One of my biggest goals ever was to make a feature-length action sports film. So that’s the documentary… I love nonfiction and people doing real things. It just happened that I came across a story of a guy breaking into the most secure buildings in London and jumping off them. I’ve never seen anything like that, so of course I want to go tell that story no matter what. In order for us to do that we’ve had to make commercials for tech brands. You’re working really long hours, and it’s cool work, but it’s not necessarily the work that you’re most passionate about. It’s like the only way to really make that happen, is to use the money we’ve made from commercials to shoot the passion stuff, and hopefully get the passion stuff sold. It’ll continually get a little bit easier.
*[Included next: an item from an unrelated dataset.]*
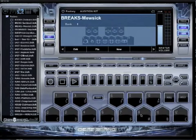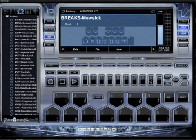So that's how bank up and down works on BeatThang Virtual. Quick, easy, simple, reliable — bank up and down, baby.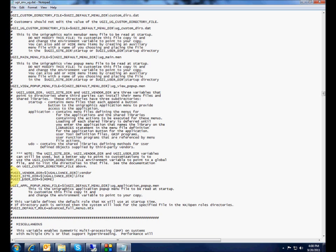The UGII_SITE_DIR variable points to a directory on your network where you can store settings and customizations that you want to be effective for your entire site. In other words, if you're in a big company, all the people in your office have the same settings for things like the custom defaults, the roles, or whatever. And all that stuff is stored in the site directory.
Until it’s hopefully just passion…
[laughs] I doubt that would ever happen but, yeah. Even editing the documentary I was thinking, “Why did I even do this? It’s so much work!”
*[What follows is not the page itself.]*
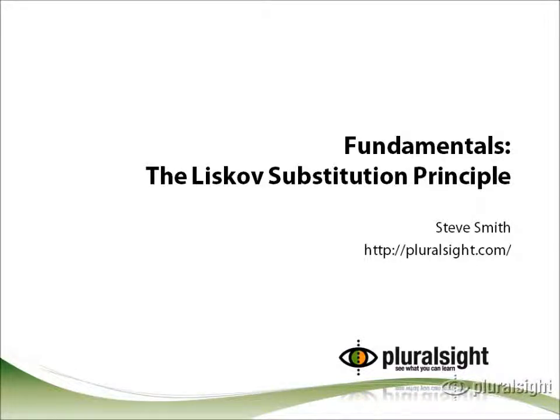Hello, my name is Steve Smith, and in this Pluralsight On-Demand video, we'll be discussing the Liskov Substitution Principle, one of the software fundamentals and the L in the solid principles of object-oriented development.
It can get a little dark at times, I’d think.
Yeah, definitely. But at the same time, if you’re the only person who can do what you’re doing… you’re all gonna die really soon so what else do you really have to do?
*pause* …Damn that did get dark. [laughs]
[laughs]
I’m just playing. I think that needs to be said.
Would you want to die regretting that you didn’t really go all out?
You want to at least know that you tried.
Yeah. And honestly, this may sound really sick, but when I got out of college I remember telling myself, “If you want to do this and film action sports. You’re either going to do it or die trying to do it.”
I still feel like I’m in the stage of dying trying to do it. [laughs] I think that’s why it was so easy for me to spend all of my money on camera equipment and my time making videos and stuff. It’s been amazing because I’ve been all over the world. Europe, Australia, Alaska, South America… flying in helicopters, skydiving, paragliding, snowboarding, skateboarding, hanging out with really cool people, meeting some of my heroes. That’s a really weird feeling, that feeling that you’re still trying to make it while you get your first show funded by GoPro. You do these things that are pretty cool… maybe that is already doing really good.
In a way I feel like you’re always trying to make it, and I think if you try for so long, your craft improves and you never will feel like you make it. The next level will always be higher than where you’re currently at, but once you stop and look back you can realize that you did some amazing things.
[laughs] Yeah!
You kind of said there that you’re unsure if you’ve made it. To someone like myself I’m thinking, “Hell yeah this guy made it!” But you’re saying it doesn’t feel like it?
It just feels like a constant uphill struggle, all the time. Even after I premiere something, or watch something I made on TV with people around, I never feel great. I always think I could’ve done better, either that or I’m already working on something else. Even after this documentary I already have a plan of what I want to do next. I think the ultimate plan was just doing exactly what I was doing when I was fifteen years old, having fun making videos with my friends… and getting paid a lot of money to do that! [laughs]
It’s like the ultimate scam. Do they even know who I am?